The 30+ low-confidence findings are exactly the ones that would have buried the high-confidence ones if everything got posted at the same volume. Keeping them out of the PR but visible in a digest preserves the signal without polluting the review surface.

Escalation is the actual product

The AI reviewer is one source of input to code review. The reviewer that already exists — the senior engineer who knows this code — is the other one. The system has to make their job easier, not noisier.

What that looks like in practice:

• High-confidence findings post as suggestions with the exact diff range, evidence quote, and reason. A human reviewer can accept, dismiss, or escalate to the security team.
• A "why this matters" line is mandatory in every comment. "Possible SQL injection" without "because line 42 concatenates req.body.name into a raw query" gets thrown away. The evidence is the load-bearing part.
• A dismiss-with-reason flow logs why humans rejected findings. That's the corpus the prompt gets tuned against next quarter.
• Nothing about style. Nothing about tests "should be added." Those are real things humans do better and the bot getting opinionated about them is what poisons trust.

What to log so you can improve the system

The first iteration of an AI reviewer is going to be wrong in specific ways. You'll only know which ways if you log the right things:

• Scope, prompt version, and model version per finding.
• Confidence score, both self-rated and adjusted.
• Outcome — was it accepted, dismissed, dismissed-as-noise, escalated?
• Time between the comment and any of those outcomes.

Once you have that data, the loop is straightforward: high-volume scopes with low acceptance rate need tighter scoping. Low-volume scopes with high acceptance rate can probably be expanded. Scopes whose acceptance rate degrades over time are usually a signal that the codebase or its conventions moved and the prompt didn't.
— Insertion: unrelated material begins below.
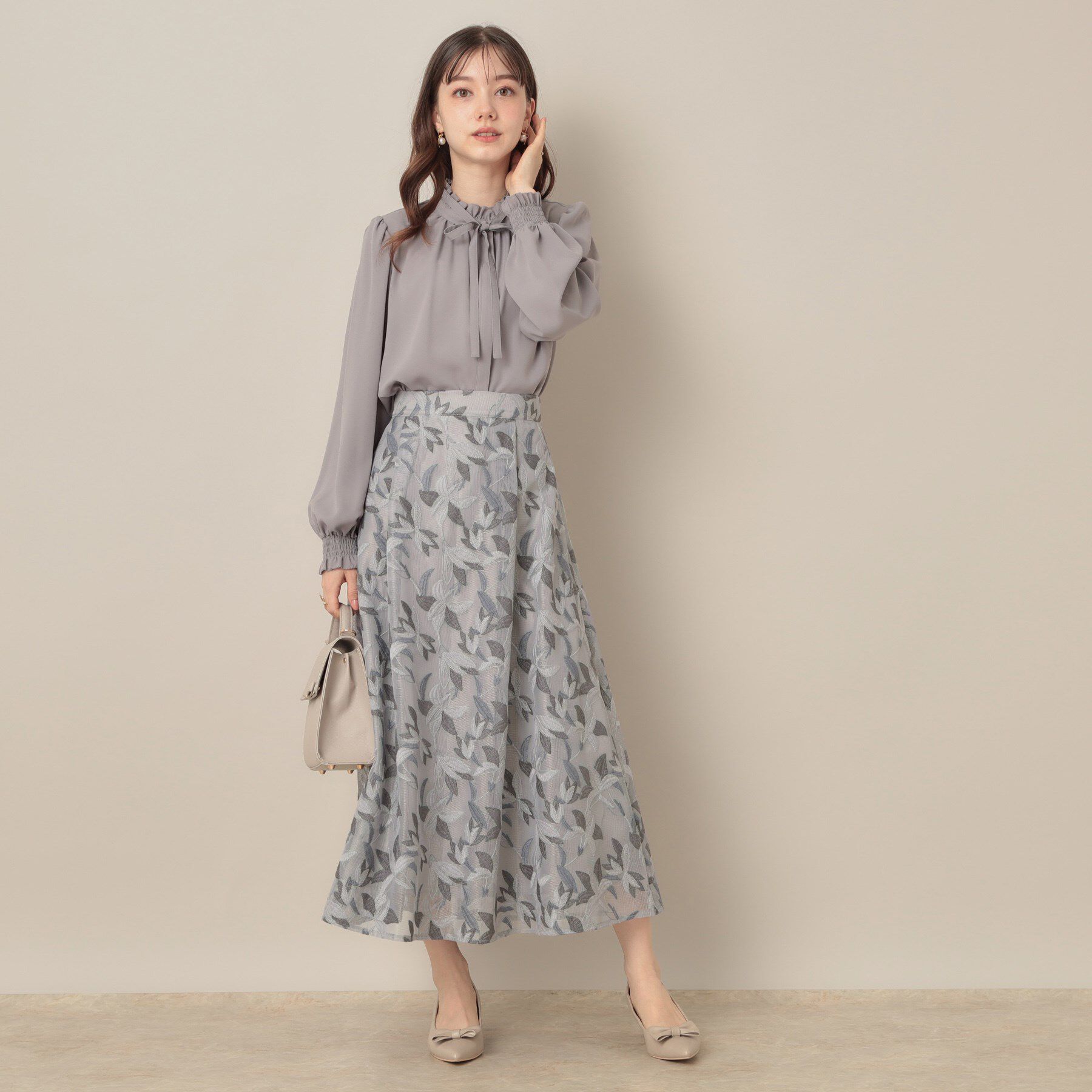 Couture broach「【花柄・きれいめ・通勤】リンドウエンブロメッシュスカート」|スカート|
The thing I'd say to a team about to ship one

The temptation is to make the bot impressive — make it weigh in on everything, make it sound thoughtful, make the PR look reviewed. That's the path to engineers collapsing the section.

The version that earns trust comments less and is right more often when it does. Pick the two scopes where your codebase actually bleeds. Anchor a rubric to specific failure modes. Gate posting by calibrated confidence. Log every outcome so you can tighten the prompts against your own ground truth. That's the system that gets read.

The goal isn't to replace code review. It's to claw back the part of code review that's currently spent scanning diffs for predictable risks, so the humans get to spend their time on the judgment calls only they can make.